Grandfather did not learn to walk on crutches and ended up lying down; knocked out of the half-century rhythm of all-day work in the garden, in the yard, he became sad and weak, and became nervous. He got angry when grandma brought breakfast to bed and moved, grabbing chairs, to the table. The grandmother, out of forgetfulness, served two felt boots. The grandfather shouted at her - this is how Anton learned that his grandfather could scream. The grandmother timidly stuffed the second felt boot under the bed, but at lunch and dinner it all started again. For some reason, they didn’t immediately realize to remove the second felt boot.

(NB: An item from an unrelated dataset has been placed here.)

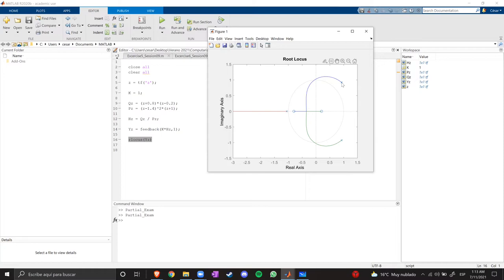So two of the poles are paired with these two zeros, and this pole is alone so it's moving to infinity. So we already covered that. The important part here is that the system is not stable.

In the last month, the grandfather became completely weak and ordered to write to all the children and grandchildren to come say goodbye and “at the same time resolve some inheritance issues” - this formulation, said granddaughter Ira, who wrote letters under his dictation, was repeated in all the messages.

“Just like in the story of the famous Siberian writer “The Last Date,” she said. A librarian at the district library, Ira followed modern literature, but had trouble remembering the names of authors, complaining: “There are so many of them.”

Anton was amazed when he read in his grandfather’s letter about inheritance issues. What inheritance?

A cabinet with a hundred books? A hundred-year-old, still from Vilnius, sofa, which the grandmother called a chaise longue? True, there was a house. But it was old and shabby. Who needs it?

But Anton was wrong. Of those who lived in Chebachinsk, three claimed the inheritance.